Validate B/scales/zero_points shape in MatMulNBits::PrePack#29445
Open
apsonawane wants to merge 4 commits into
Open
Validate B/scales/zero_points shape in MatMulNBits::PrePack#29445apsonawane wants to merge 4 commits into
apsonawane wants to merge 4 commits into
Conversation
MatMulNBits::PrePack ran at session initialization and called the MLAS
pack routines using byte counts derived from the node attributes
(N, K, bits, block_size) without ever comparing those attributes to
the actual tensor Shape().
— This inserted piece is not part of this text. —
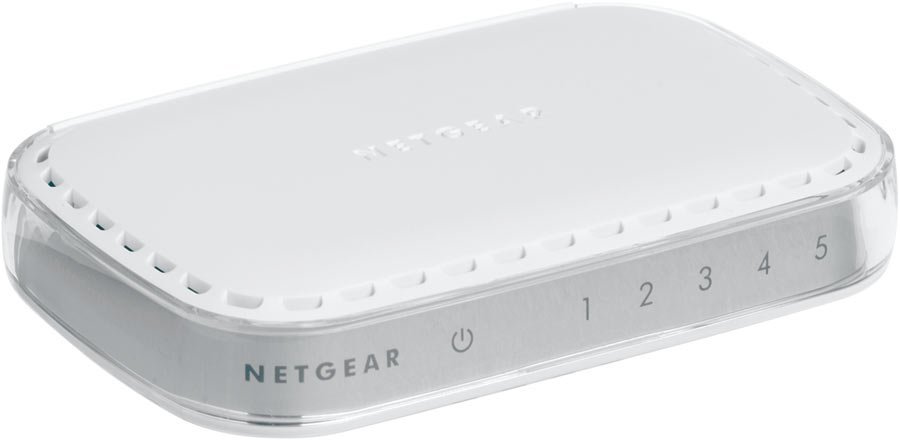 NETGEAR GS605-400PES switch di rete Non gestito L2 …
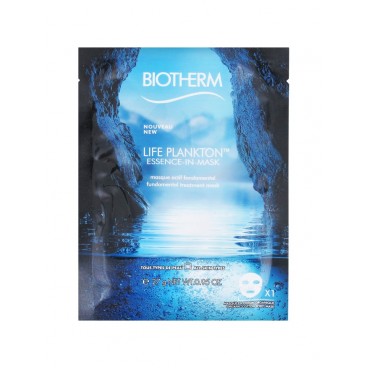 Biotherm Life Plancton Masque Tissu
A crafted .onnx whose attributes overstate
the real B (or scales / zero_points) extent triggered a
heap-buffer-overflow READ inside MlasQNBitGemmPackQuantBData /
MlasLutGemmPack during OrtApis::CreateSession (no Run() required).
The canonical shape check already lives in
matmul_nbits_helper::CheckInputs, but is invoked only from Compute()
-- after PrePack has already done the OOB read, and by then the
original B tensor is replaced with nullptr in the kernel context so
the Compute-time check never re-validates it.
Fix: at the top of PrePack, after the existing early-return guards
and before any tensor.DataRaw() read, validate the incoming
initializer's Shape() against the attribute-derived shape:
- B -> (N, k_blocks, blob_size)
- scales -> (N * k_blocks) or (N, k_blocks)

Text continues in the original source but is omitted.